§ Extracted entries:
■ ■ ■ ■ ■ ■ ■

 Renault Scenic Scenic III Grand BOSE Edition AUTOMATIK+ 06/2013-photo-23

■ ■ ■ ■ ■ ■ ■

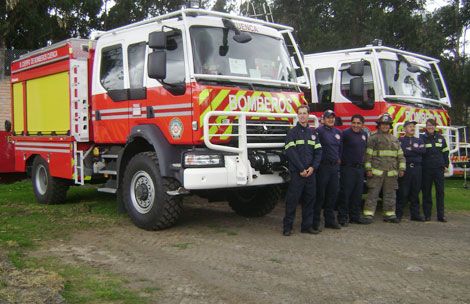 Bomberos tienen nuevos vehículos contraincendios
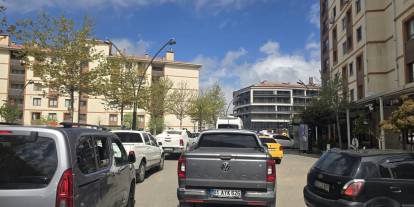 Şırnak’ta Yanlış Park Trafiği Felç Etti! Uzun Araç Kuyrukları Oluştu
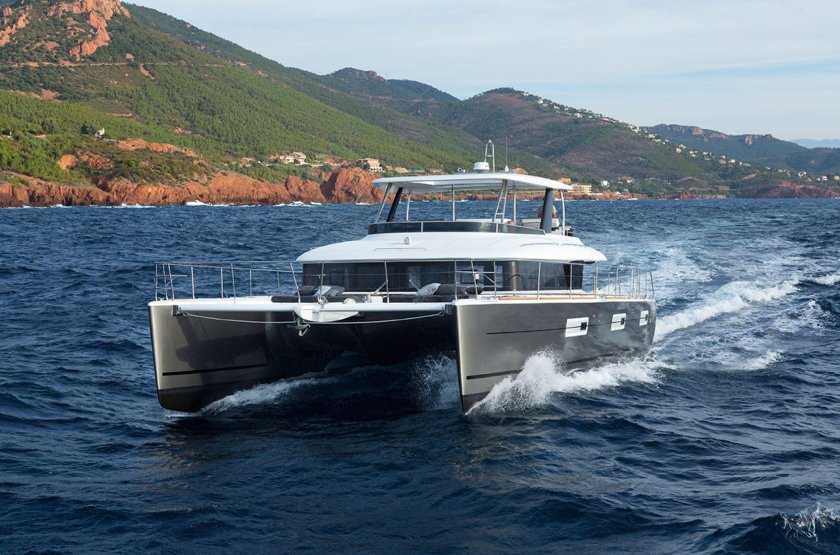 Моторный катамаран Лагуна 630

■ ■ ■ ■ ■ ■ ■

§ About this exercise: Among the records above, locate the line containing "Şırnak’ta Yanlış Park" and the line containing "Моторный катамаран Лагуна 630", then transcribe exactly the lines starting at the first and ending at the second, with no pictures.

§ Reply to the exercise:
 Şırnak’ta Yanlış Park Trafiği Felç Etti! Uzun Araç Kuyrukları Oluştu
 Моторный катамаран Лагуна 630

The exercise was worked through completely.